どんなジャンルやギタリストであってもマッチすると思いますが、強いて言うならブルースっぽいサウンドは合いそうですね。
——エキゾチック・メイプルという、杢目が特徴的なメイプルを採用したMC-MV-EXOTIC MAPLE SP’23 /WGはいかがでしたか?
杢目の良いメイプルとゴールド・パーツの組み合わせで、とにかく見た目がゴージャスです。個人的に気に入ったのが、ピックガードの模様ですね。パール系でこんな色が付いているピックガードはあまり見たことがないんですが、ボディ・カラーとのマッチングが素晴らしく、ゴージャスさを際立たせていると感じます。
——ピックアップはSSH配列で、多様なプレイやサウンドにも対応してくれそうですね。
僕はリアの音が気に入りました。

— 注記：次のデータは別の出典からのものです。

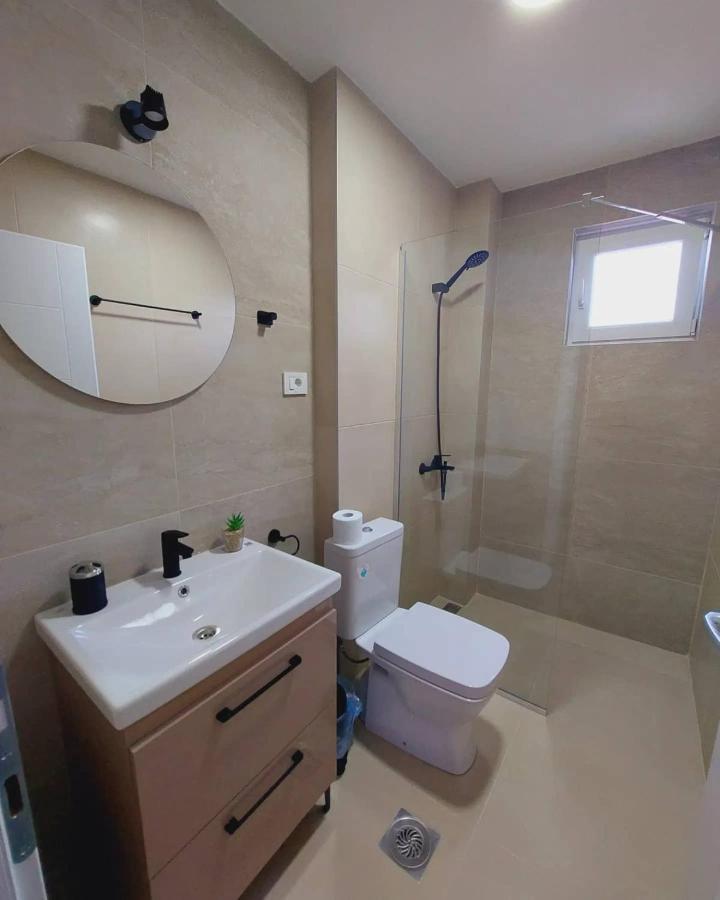 Nautica Apartments&Studios Pestani Bagian luar foto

リアがハムバッカーだと、パワーがあって歪みのノリが良いというメリットもありますが、クリーン・トーンだと音作りが難しい面もあって、積極的に使わないという人も多いと思います。でも、このギターのリアはスコーンと抜けてきて、クリーン・トーンでも歪みでもしっかりキャラクターが立って出てくる印象でした。リアを使ったサウンドメイクを楽しんでほしい1本です。
——次はアカマツを使ったMC-AKAMATSU SP’23/R BLK-Agedです。虫食い被害にあった赤松をギターとして再生させたモデルで、こちらもインパクトのある見た目になっています。

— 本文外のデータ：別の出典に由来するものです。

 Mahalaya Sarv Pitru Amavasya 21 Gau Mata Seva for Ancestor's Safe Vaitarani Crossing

STORK-TOCHI PP-SP’23/NJに続いて、僕が気に入った1本ですね。エイジド加工が施された見た目も良いですし、生音がすごくカラッと響いて、個人的にはマホガニーっぽい温かみを感じる音も好みです。しかも、その生音の印象がそのままピックアップを通してアウトプットされるんですよね。赤松がギター材の新たなスタンダードになる日も近いんじゃないかと、そのポテンシャルに期待をしたくなるサウンドです。
——STタイプでピックアップはSSS配列と、馴染み深い仕様になっていますが、赤松ならではサウンドは感じられましたか?
一般的なSTタイプとは違った味わいがあります。マホガニー的な、アコースティックでふんわりとした響きが出ますね。これも僕の好みのサウンドです。STタイプの見た目にとらわれず、違った楽しみ方や弾き方を提示できる1本だと感じます。
——BacchusのDUKE-CTMは、ゴージャスなLPタイプの王道といった見た目で、価格的にもビギナーから上級者まで手に取りやすいモデルになっています。
一般的なLPタイプよりもボディが薄く設計されていて、日本人にとてもフィットしやすいと思います。そのおかげでプレイアビリティも高く、STタイプなどから持ち替えた際も違和感なく弾くことができるのが素晴らしいですね。
——薄いボディがサウンドに影響している部分は感じましたか?
少し低域がすっきりとした軽やかさがありました。歪み系はもちろん、カッティングなどの高域が出やすいサウンドやプレイにすごくマッチすると思います。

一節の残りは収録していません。